How to complete this task: All that is wanted is the exact text of the lines below from the one with "Mocha Steel Metallic" through the one with "A close up photo of a closed fist", inclusive, minus any pictures.

Input data:
□ □ □
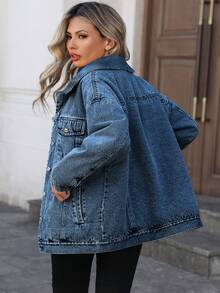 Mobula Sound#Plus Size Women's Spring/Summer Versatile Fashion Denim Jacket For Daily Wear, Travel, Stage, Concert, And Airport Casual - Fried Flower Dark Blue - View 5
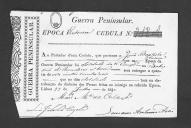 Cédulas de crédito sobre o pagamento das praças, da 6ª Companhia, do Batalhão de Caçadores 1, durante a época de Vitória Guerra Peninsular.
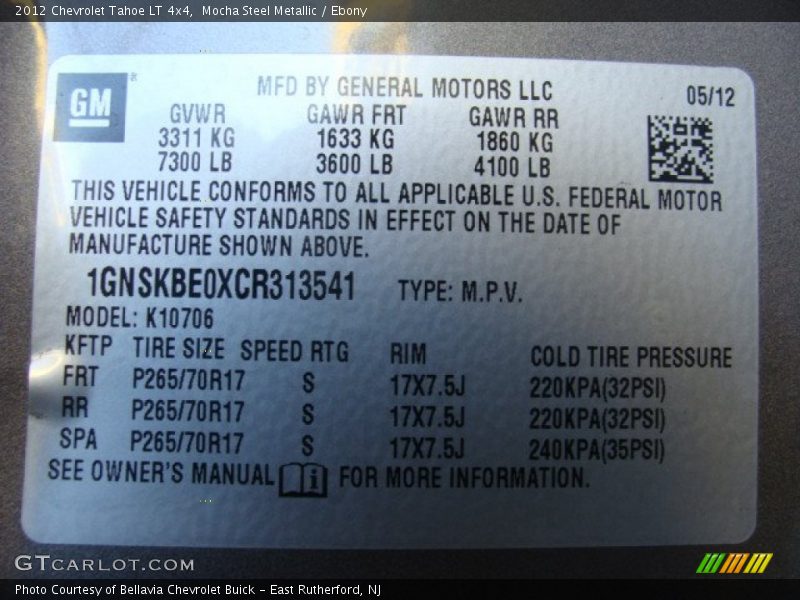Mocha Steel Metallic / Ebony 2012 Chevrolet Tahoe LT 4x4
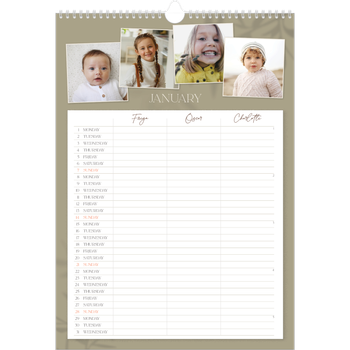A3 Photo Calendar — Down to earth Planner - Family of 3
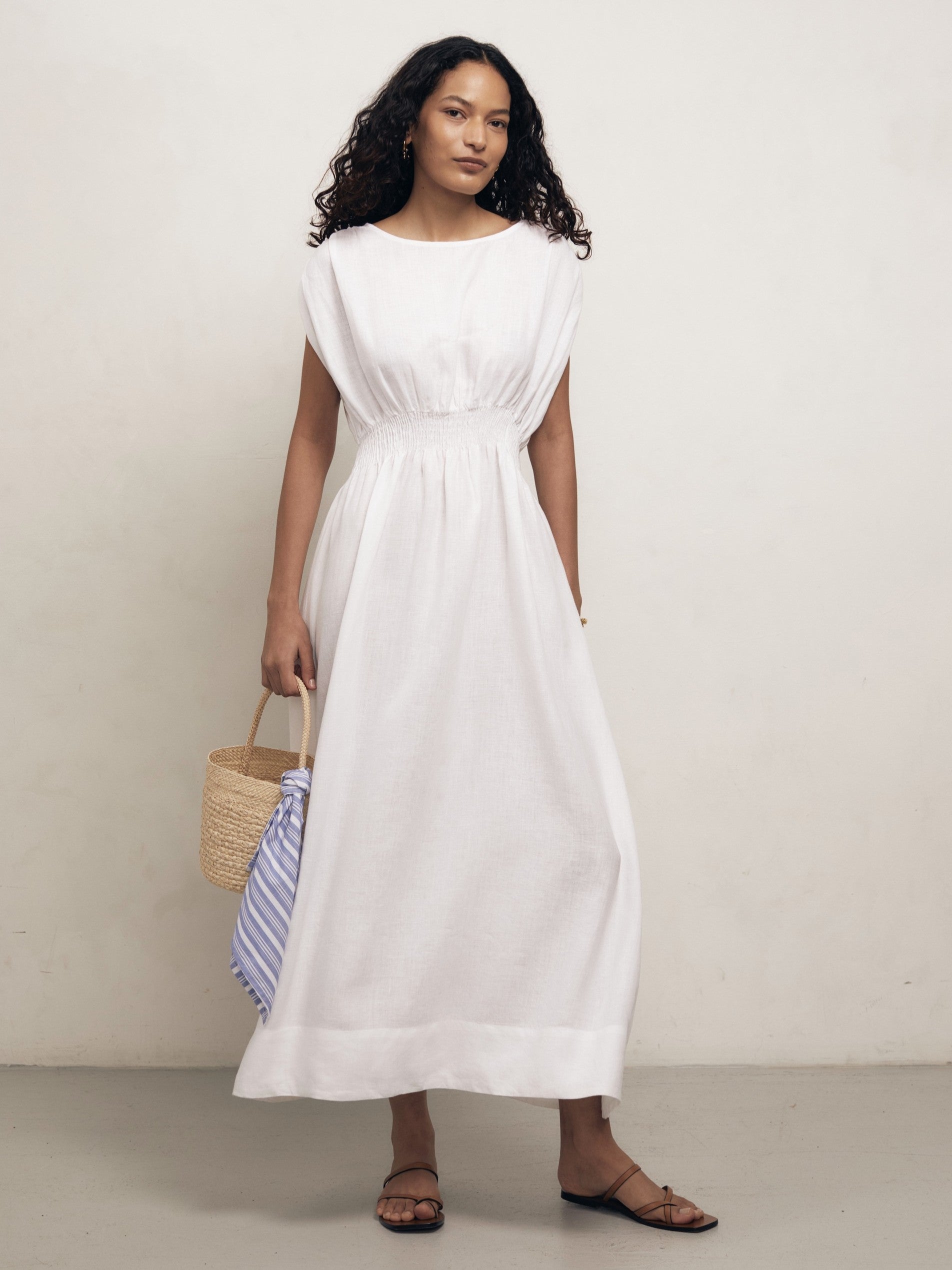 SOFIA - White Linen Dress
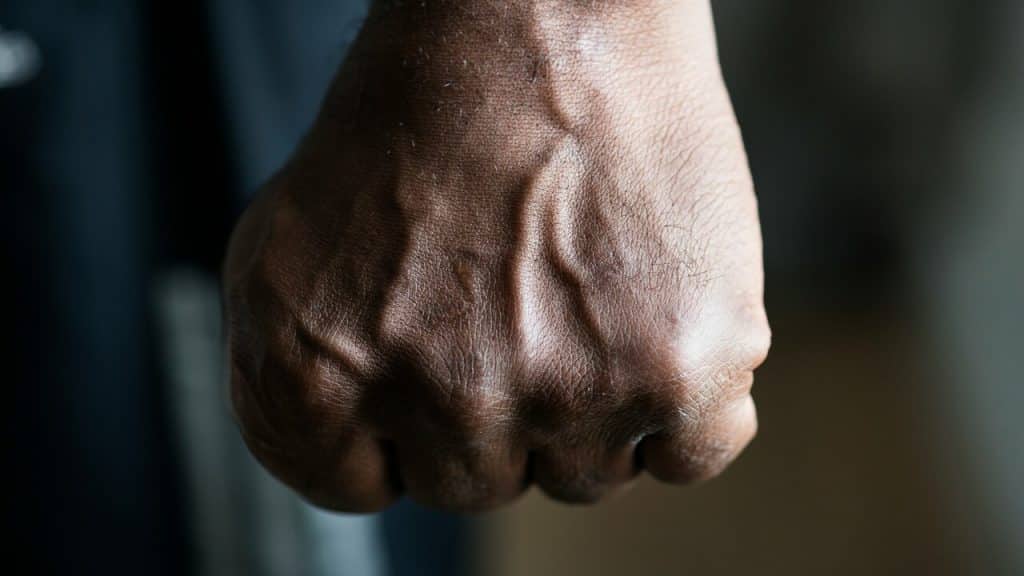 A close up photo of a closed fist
□ □ □
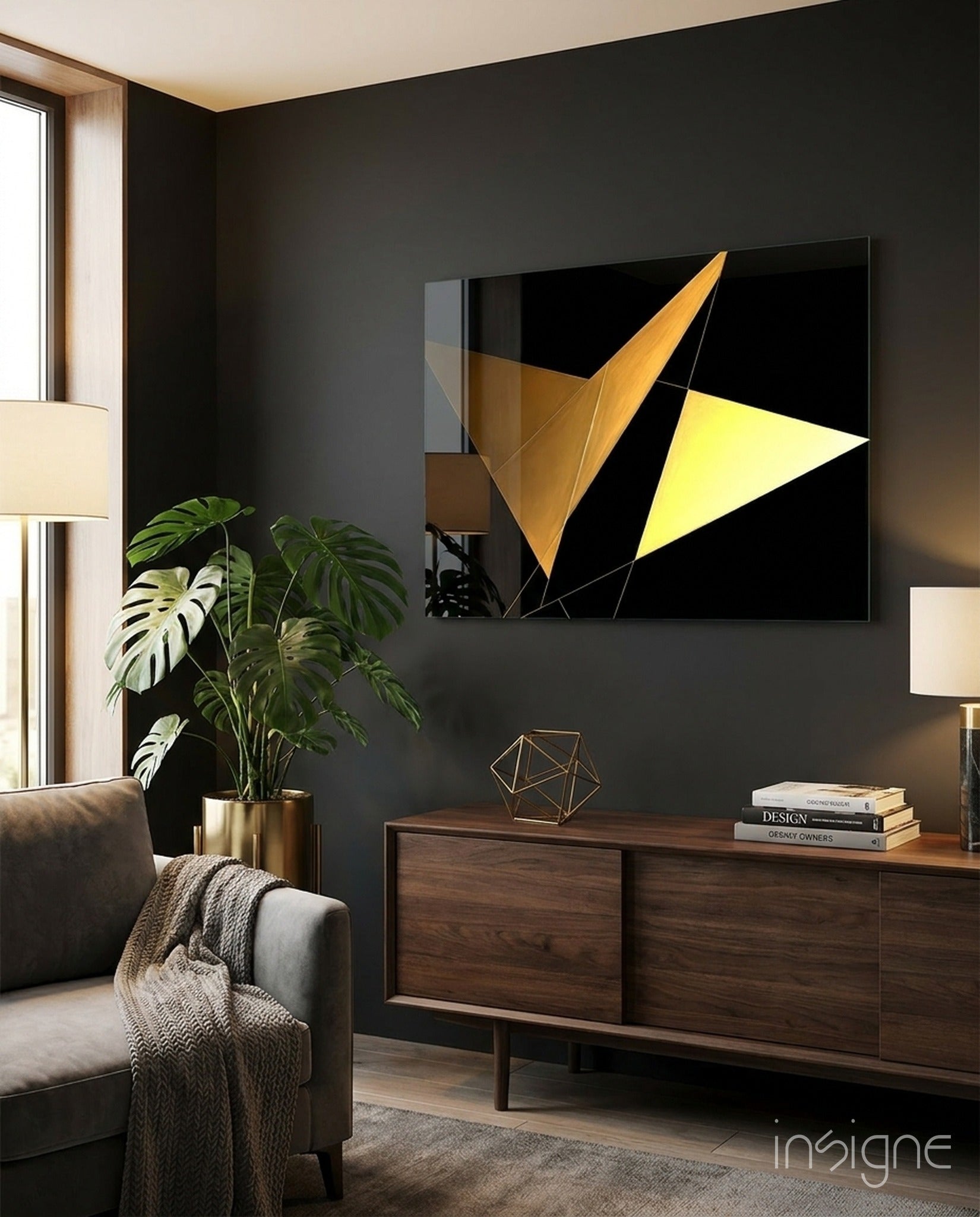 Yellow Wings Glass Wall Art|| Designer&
□ □ □
Result for this task:
Mocha Steel Metallic / Ebony 2012 Chevrolet Tahoe LT 4x4
A3 Photo Calendar — Down to earth Planner - Family of 3
 SOFIA - White Linen Dress
 A close up photo of a closed fist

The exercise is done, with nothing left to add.